So essentially how this works is:
There is a comparator on substraction mode connected to an item frame, and the signal strength it out puts must be of 1. The chest has a set amount of items, depending on the strength of the comparator connected to the item frame, so it lowers the signal strength to 1. If the item frame turns are higher than the designated turns, the comparator will output a strength signal of 2+, thus powering a repeater. This reapeter will power the side of the output comparator, wich is in substraction mode, so it will output a signal of 0.
If the turns are lower than the designated turns, the comparator will output a signal of 0, so the output comparator will have an output of 0.

by FeeAdventurous5690

1 Comment

  1. So, the two-dust/repeaters/comparator thing is an example of a [1-detector](https://minecraft.fandom.com/wiki/User:Munin295/Analog_circuit#1-Detector). The link has some other designs, some 1-wide.

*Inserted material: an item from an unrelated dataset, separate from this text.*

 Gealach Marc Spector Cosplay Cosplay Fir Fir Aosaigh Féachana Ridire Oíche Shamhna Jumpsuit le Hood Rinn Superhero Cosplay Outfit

    I’d suggest alternating circuit height here. After each item frame comparator, alternate dropping the circuit with a block over dust and raising the circuit with dust on a block. That should give you the room to overlap circuits on top of each other rather than extending out in the distance. You may find it easier to have the two rightmost circuits point right instead of left and then have all your outputs face rearwards.

    The signal strength chest’s comparator doesn’t need dust between it and the item frame comparator, you can point the comparator right into the other comparator’s side.

    Currently, your two-dusts can interfere with adjacent comparator lines. Alternating heights should fix that.